A third aspect of this disclosure provides a biosensor device for sequencing peptides, the biosensor device comprising: a bio-FET comprising a source, a drain, a channel region having a channel region surface, and an electrolyte gate covering at least the channel region surface; a measurement unit configured to measure a threshold voltage of the bio-FET; a flow controller configured to provide liquid flows to the electrolyte gate; and a processor; wherein, in order to perform the method of the first aspect or any of its implementation forms, the processor is configured to: control the flow controller to provide a liquid flow comprising the peptide into the electrolyte gate; control the measurement unit to obtain the first measurement of the parameter of the bio-FET; control the flow controller to provide a liquid flow including the one or more first molecular probes into the electrolyte gate; control the measurement unit to obtain the one or more second measurements of the parameter of the bio-FET; determine whether a shift of the parameter occurred between the first measurement and one of the second measurements, which indicates that one of the first molecular probes attached to an amino acid at a free end of the peptide; and if the shift of the parameter between the first measurement and one of the second measurements occurred, determine a type of the amino acid at the free end of the peptide based on a type of the first molecular probes.
The biosensor device may be a chip, which may include one or more bio-FETs. Multiple bio-FETs can be grouped into a sensor cell of the biosensor device, wherein the biosensor device can have one or more sensor cells.
In an implementation of the biosensor device, the processor is further configured to: control the flow controller to provide a liquid flow including the one or more second molecular probes into the electrolyte gate, wherein each second molecular probe is linked to a charge tag; control the measurement unit to obtain the one or more third measurements of the parameter of the bio-FET; determine whether a shift of the parameter occurred between the first or one or the second measurements and one of the third measurements, which indicates that one of the second molecular probes attached to the amino acid at the free end of the peptide; and if the shift of the parameter between the first or one of the second measurements and one of the third measurements occurred, determine the type of the amino acid at the free end of the peptide based on a type of the second molecular probes.
The further measurement cycle with this second molecular probes may, for example, be carried out, if the shift of the threshold voltage between the first measurement and the one or more second measurements did not occur, as this may indicate that the first molecular probes cannot attach to the amino acid at the free end of the peptide. However, it is also possible to repeat the measurement cycle with the first molecular probes one or more times, in order to confirm the negative result in the measurement cycle with the first molecular probes, or to carry out the measurement cycle with the second molecular probes even if the result of the measurement cycle with the first molecular probes was positive.
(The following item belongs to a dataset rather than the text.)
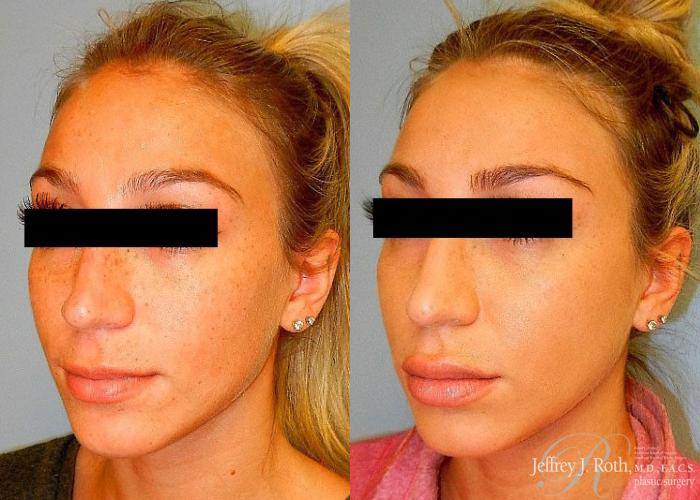 Before & After Dermal Fillers Case 151 View #3 View in Las Vegas and Henderson, NV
The more information is obtained, the more accurate the type of the amino acid at the free end of the peptide may be determined.
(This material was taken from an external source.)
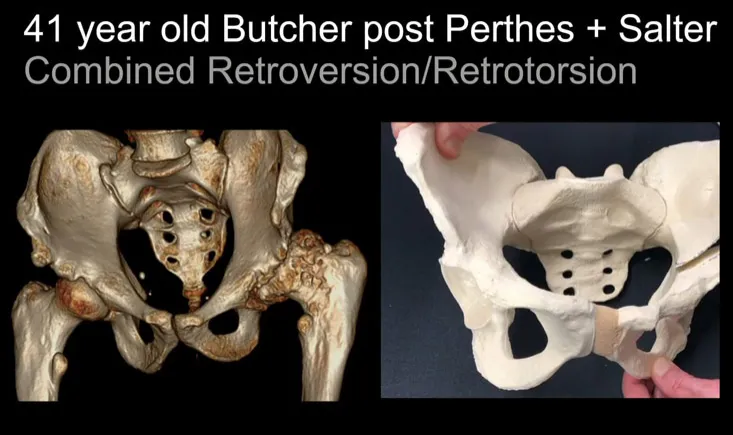 Arthroplasty in the Young Adult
The biosensor device of the third aspect provides many of the same benefits as the method of the first aspect, and may be extended by respective implementations as described above for the method of the first aspect.
In summary of the above aspects and implementations, the present disclosure addresses the challenge to sequence many (for example, billions of) peptides at single-molecule level with a sufficiently high throughput. The challenge arises mainly because of the fundamentally diffraction-limited sensor density of conventional optical sensors.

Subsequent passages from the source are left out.